The committee met earlier today and released a statement about mid-afternoon New York time.

“The Fed decision is really what the market wanted and expected,” Don Wordell, a fund manager for Atlanta-based RidgeWorth Capital Management, told Bloomberg News.

“They also said that we’re in a bit of a slowdown and that the road to recovery will be longer. None of this surprises me.”

In late trading, the Dow Jones Industrial Average was down 0.42%, the Standard & Poor's 500 Index slid 0.53% and the Nasdaq Composite Index dropped 0.96%.

Among the most active on Wall Street were McDonald’s, eBay, Hewlett-Packard and Target.

The Chicago Board Options Exchange Volatility Index, or VIX, which is known as Wall Street’s ‘fear gauge’, rose 1.29% to 22.02.

Yields on 10-year Treasuries slipped 8 basis points to 2.75%.

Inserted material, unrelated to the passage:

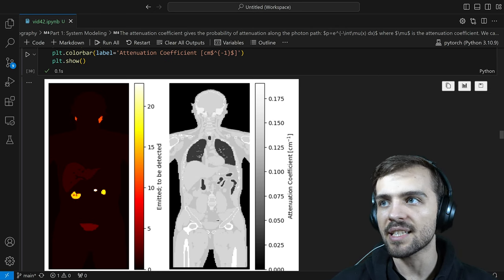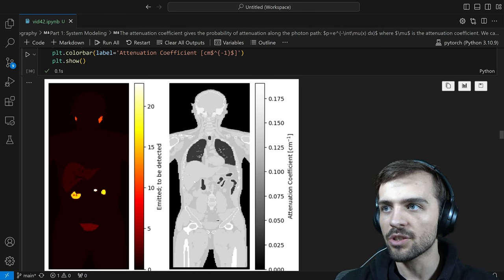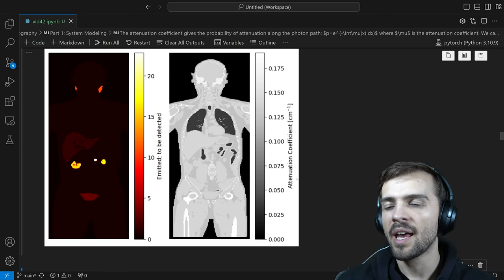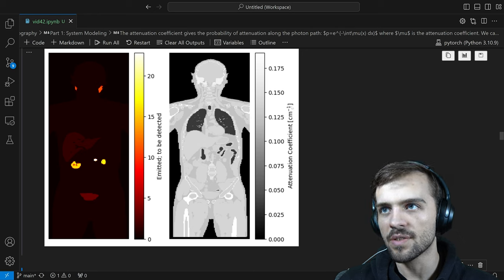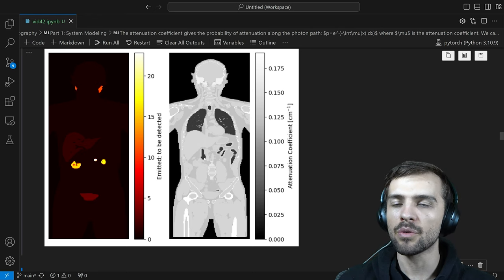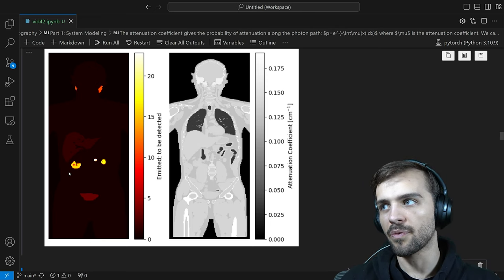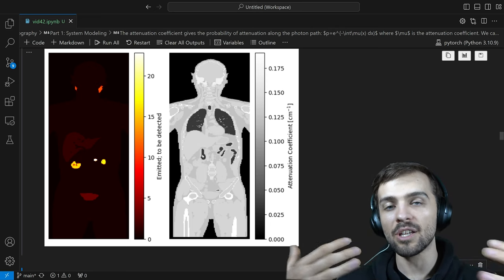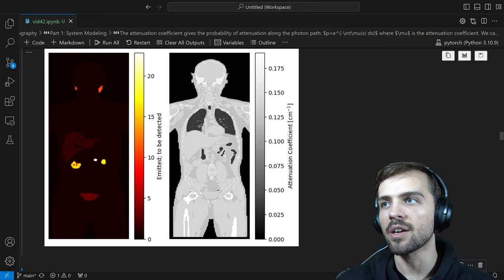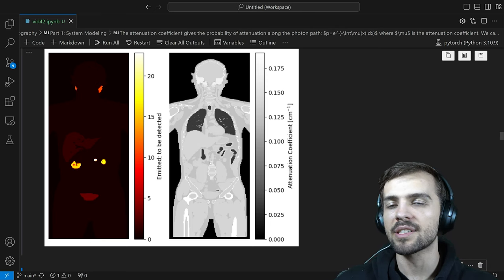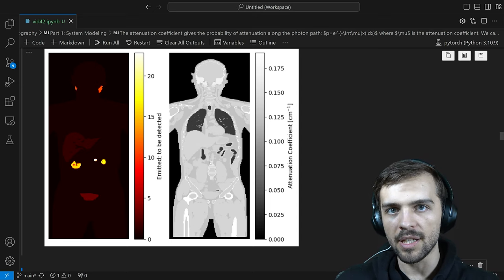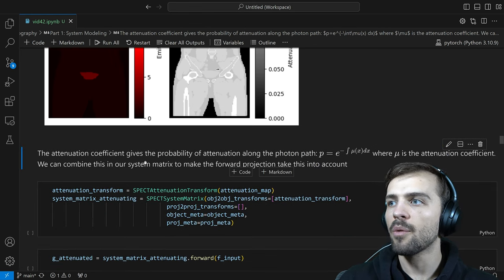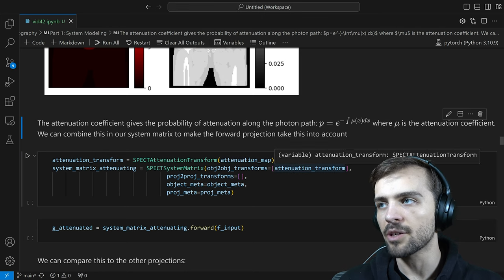A CT scan is basically a 3D x-ray. Denser regions are more likely to absorb photons, giving a density map of the patient. In units of attenuation coefficient — centimeters inverse — it tells you how likely the photon is to be attenuated. So a photon coming out of the kidney and traveling out of the patient — you can use this map to do attenuation correction when modeling photon movement. The probability of being detected is given by e to the negative integral of mu(x)dx along the photon's straight path.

The Dollar Index, which measures the greenback against a basket of six major currencies, rose 0.1% to 80.80.

Ahead of the Fed statement, trading in most markets was subdued.

The Stoxx Europe 600 Index fell 0.9% to 259.93, reflecting concern that growth was slowing in China and wariness ahead of the Fed’s statement.

Across Europe, the UK’s FTSE 100 slid 0.6%, France’s CAC 40 shed 1.2% and Germany’s DAX decreased by 1%.

Among the most active stocks in Europe were Rio Tinto, Taylor Wimpey, Barratt Developments, Hannover RE and TUI Travel.

Stocks in China fell the most in six weeks after data on trade and property prices pointed to a deepening slowdown in the world’s third-biggest economy.

China’s trade surplus reached an 18-month high as exports rose to a record and import gains slowed, adding pressure on officials to allow faster appreciation of the yuan and signalling a diminished contribution to global growth.

The gap surged 170% from a year earlier to US$28.7 billion, the customs bureau said, exceeding the forecasts of all 29 economists in a Bloomberg News survey. Overseas shipments climbed 38.1% from a year earlier compared with a 43.9% gain in June.

The Reuters/Jefferies CRB Index, which tracks 19 raw materials, fell 0.84% to 272.28.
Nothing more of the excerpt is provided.